Après un an de procès, au vu de la gravité des faits, le procureur Gabor Schmidt a requis la réclusion criminelle à perpétuité à l’encontre de quatre des quatorze accusés. Il a exigé que pour trois d’entre eux cette peine soit incompressible, une disposition existant en droit hongrois.
Les victimes —59 hommes, huit femmes et quatre enfants, dont un bébé—, originaires de Syrie, d’Irak et d’Afghanistan, avaient été prises en charge près de la frontière serbe en Hongrie le 26 août 2015, espérant rejoindre l’Allemagne, au plus fort de la crise migratoire qui avait mis des dizaines de milliers d’exilés sur les routes.
Entassées dans le compartiment hermétiquement clos du véhicule, elles avaient péri d’étouffement en moins de trois heures, leurs convoyeurs ayant refusé de s’arrêter pour les laisser accéder à de l’air frais, malgré leurs cris de détresse. (...)

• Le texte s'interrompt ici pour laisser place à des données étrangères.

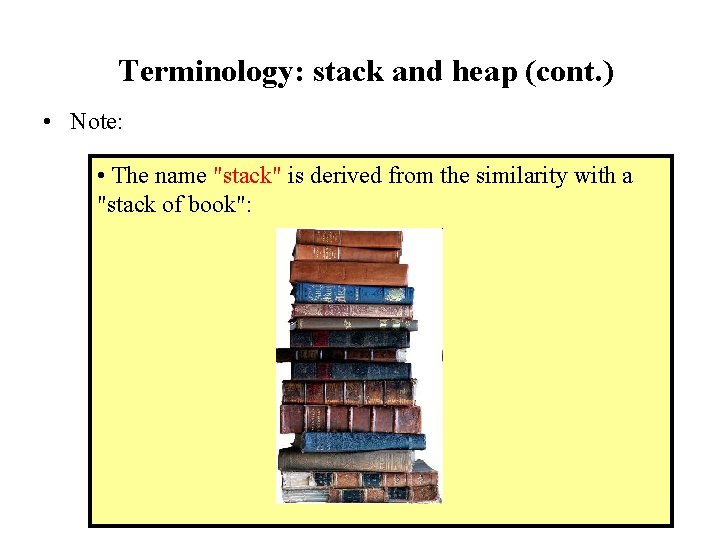 Terminology: stack and heap (cont. ) • Note: • The name "stack" is derived
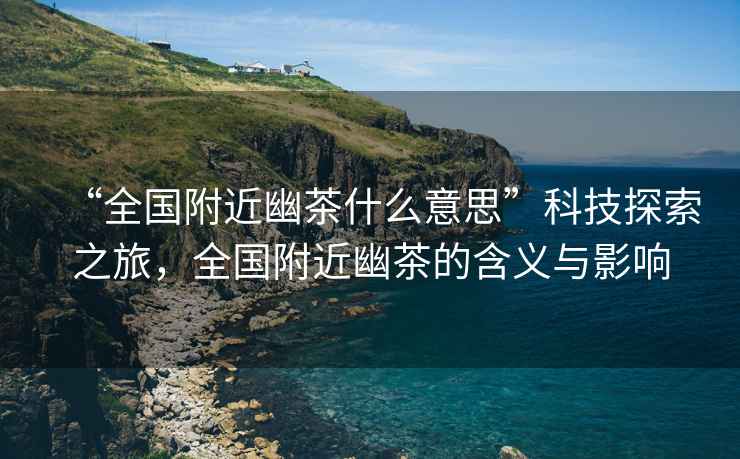 “全國附近幽茶什么意思”科技探索之旅，全國附近幽茶的含義與影響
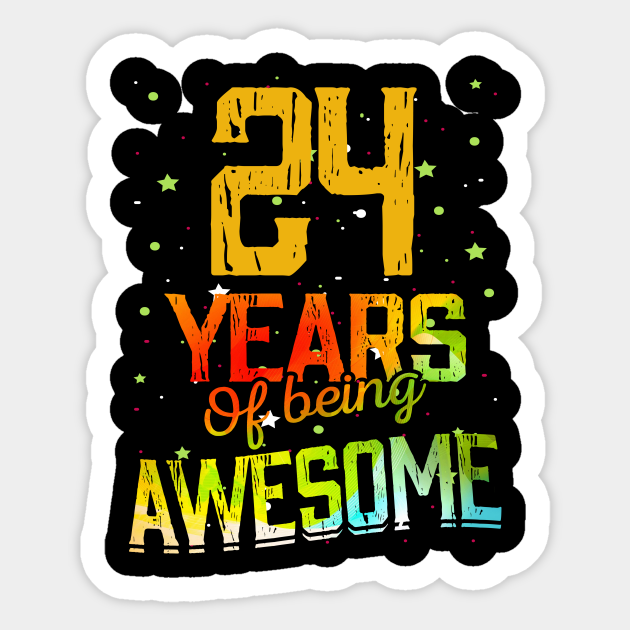 24 Years Of Being Awesome Gifts 24th Anniversary Gift Vintage Retro Funny 24 Years Birthday Men Women 24 Year Old Birthday Gifts Aufkleber Teepublic De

Accusés d’"homicides avec circonstance aggravante de cruauté particulière" durant ce procès fleuve débuté en juin 2017 à Kecskemét, dans le sud de la Hongrie, les principaux mis en cause ont tous assuré n’avoir pas su que les passagers agonisaient, malgré des preuves accablantes. (...)
les écoutes téléphoniques réalisées par la police hongroise ne laissent pas de place au doute, selon l’accusation : alerté par ses hommes sur le fait que les migrants suffoquaient et criaient pour qu’on leur donne de l’air, il avait interdit que soit entrouvert le compartiment frigorifique.

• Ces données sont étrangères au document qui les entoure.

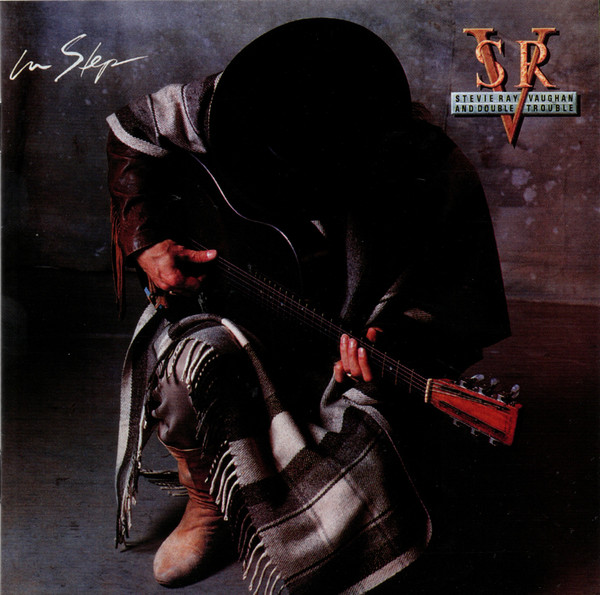 Stevie Ray Vaughan And Double Trouble* - In Step (CD, Album, RE, RM)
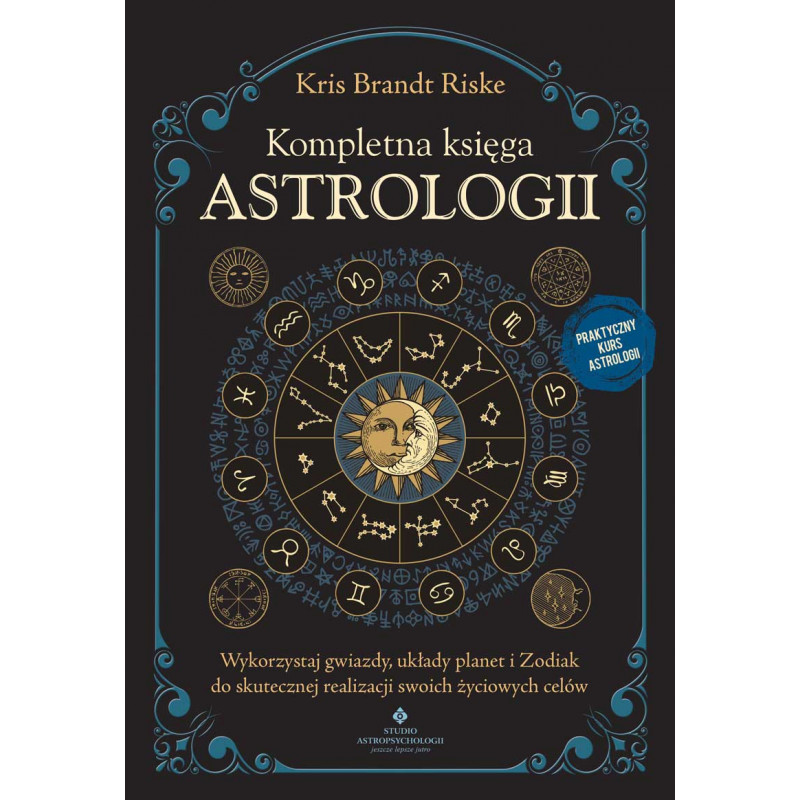 Kompletna ksiega astrologii Kris Brandt Riske IK 800px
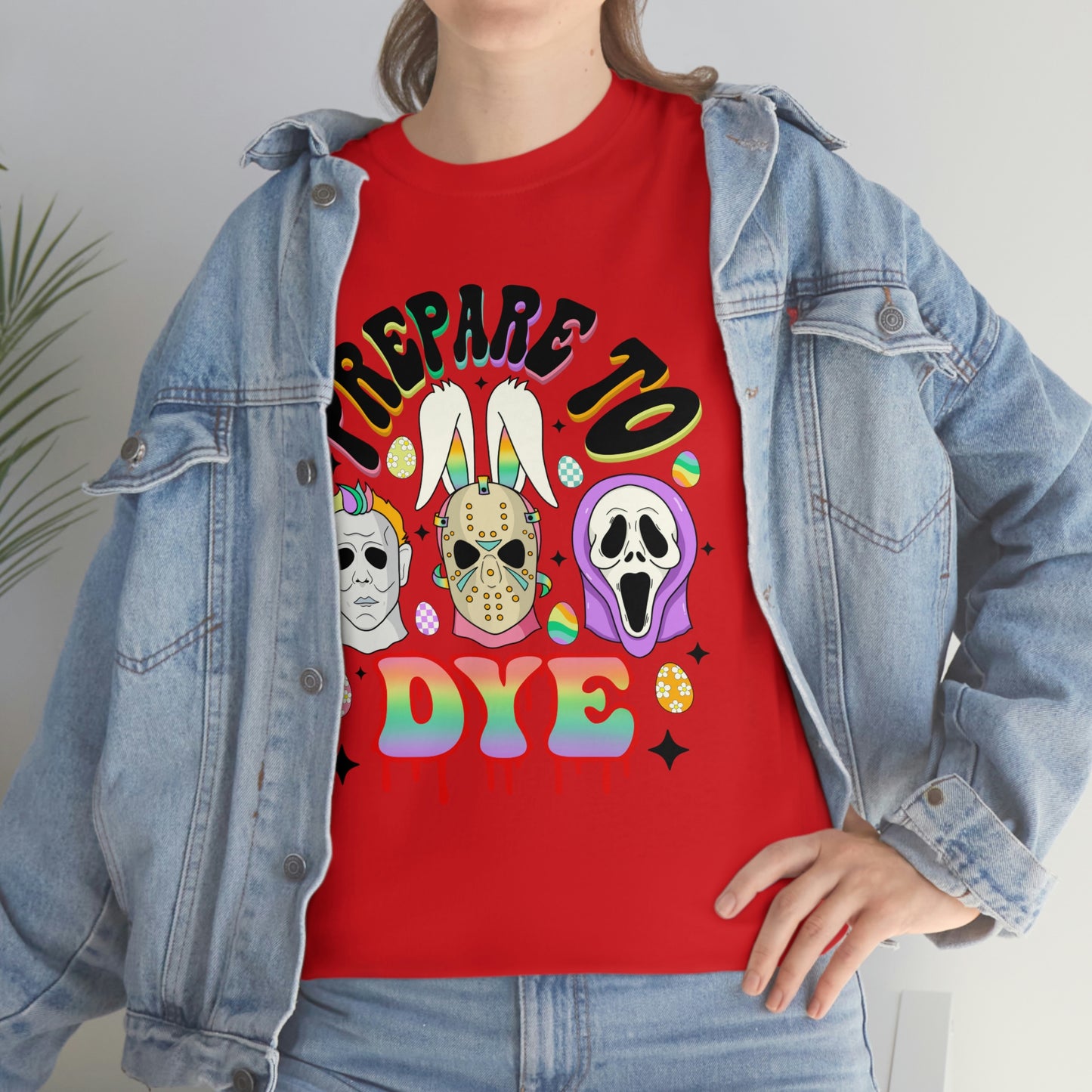 Prepare To DYE  Easter Unisex Heavy Cotton Tee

"Qu’il les laisse plutôt mourir. C’est un ordre", avait intimé Samsoor Lahoo à son adjoint. "S’ils meurent, qu’il les décharge dans une forêt en Allemagne", avait-il aussi déclaré.

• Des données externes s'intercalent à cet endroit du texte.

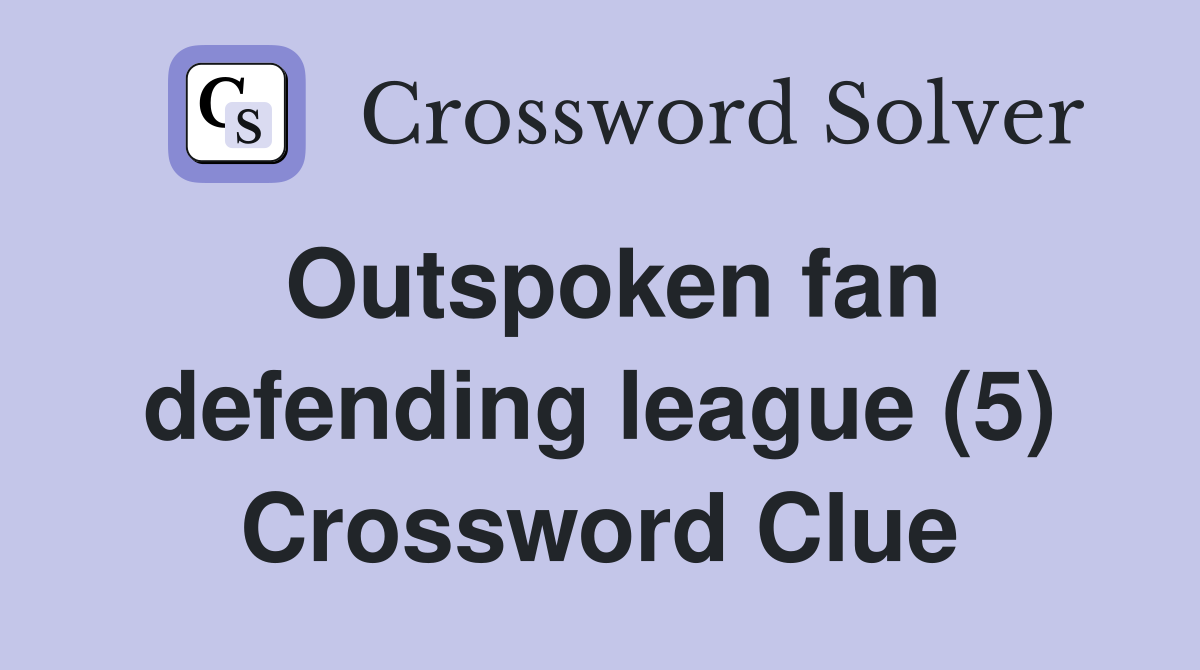 Outspoken fan defending league (5) Crossword Clue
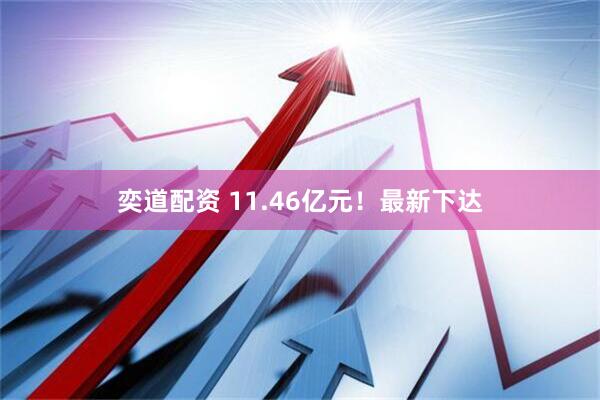 奕道配资 11.46亿元！最新下达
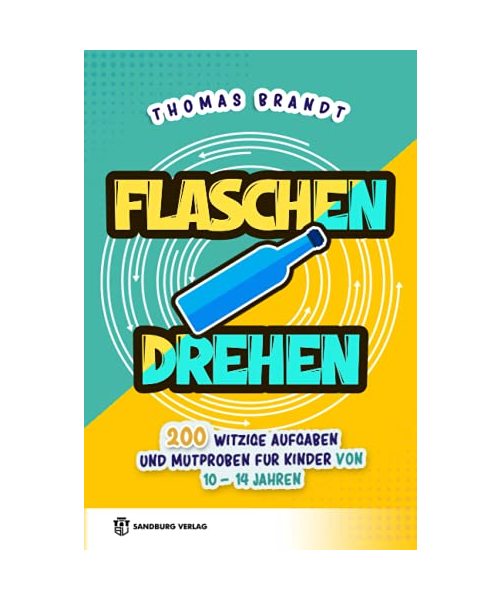 Flaschendrehen: 200 witzige Aufgaben und Mutproben für Kinder von 10-14 Jahren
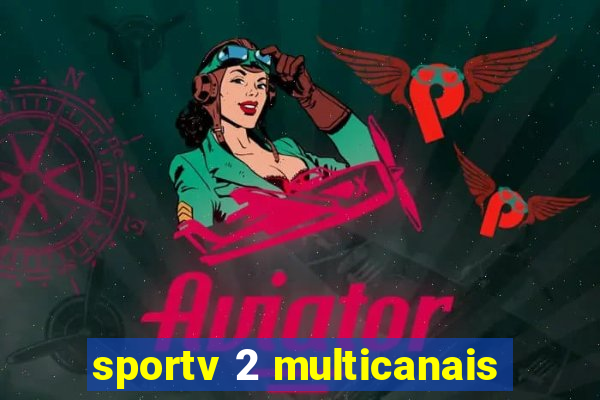 sportv 2 multicanais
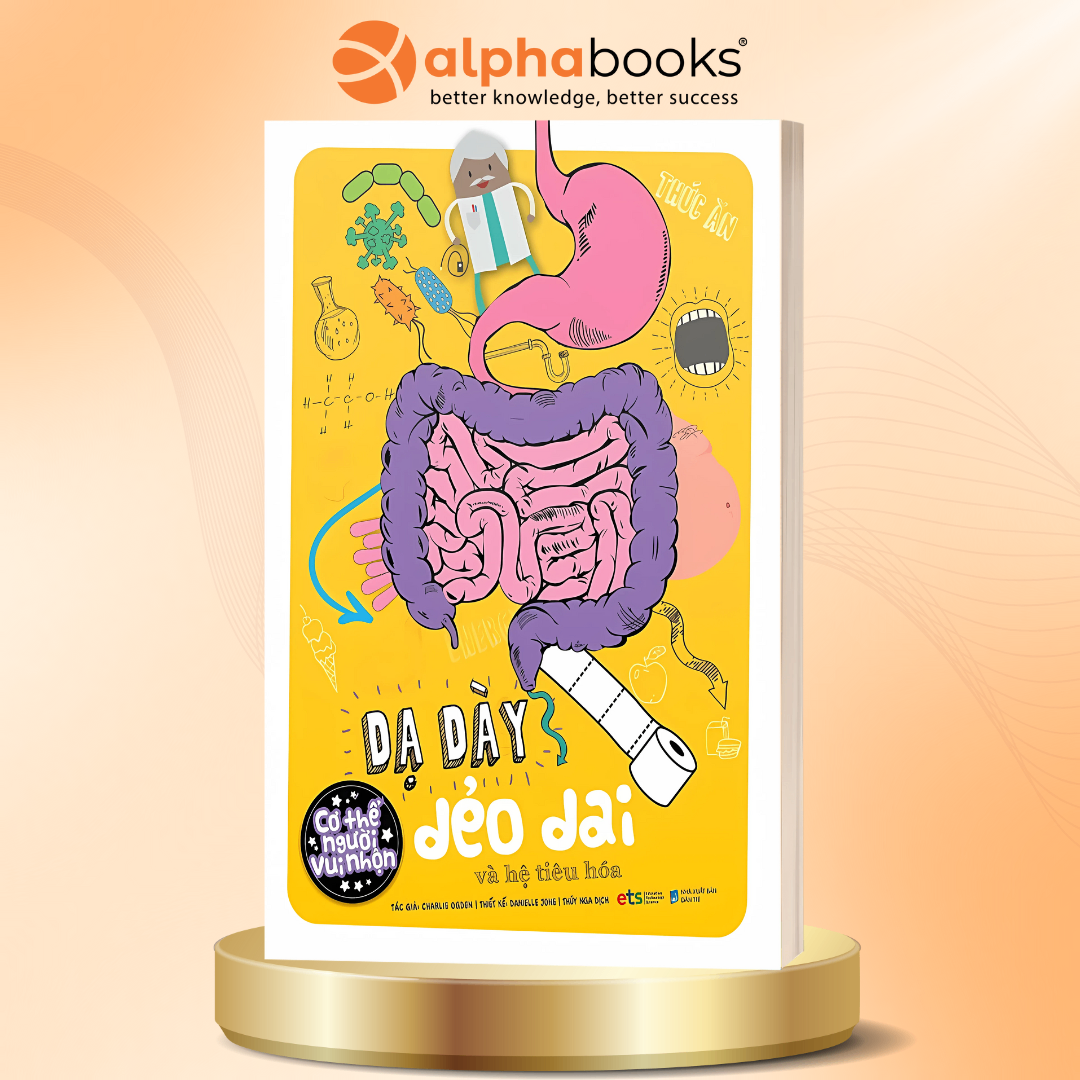 Bộ Cơ Thể Người Vui Nhộn - Dạ Dày Dẻo Dai Và Hệ Tiêu Hóa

Confronté à ces enregistrements, l’intéressé, qui a régulièrement adopté une attitude de défi durant son procès, s’est contenté d’évoquer des "propos irréfléchis".
Mais pour Gabor Schmidt, c’est une "indifférence effroyable et une cupidité sans limite" qui l’ont guidé : en pleine vague migratoire, les transports clandestins du réseau, facturés jusqu’à "3.500 euros" par personne, se succédaient à rythme soutenu et ne devaient souffrir aucun contretemps. (...)
Le drame n’avait pas empêché le réseau d’organiser dès le lendemain un nouveau transport dans des conditions similaires. Une nouvelle hécatombe n’avait été évitée que parce que les 67 passagers avaient réussi à défoncer la porte du compartiment.
Le parquet a requis la perpétuité incompressible contre Samsoor Lahoo ainsi que contre l’un de ses lieutenants et contre le chauffeur du convoi mortel, deux Bulgares âgés de 31 ans et 27 ans. (...)
Le prononcé du verdict est attendu en fin d’après-midi au plus tôt.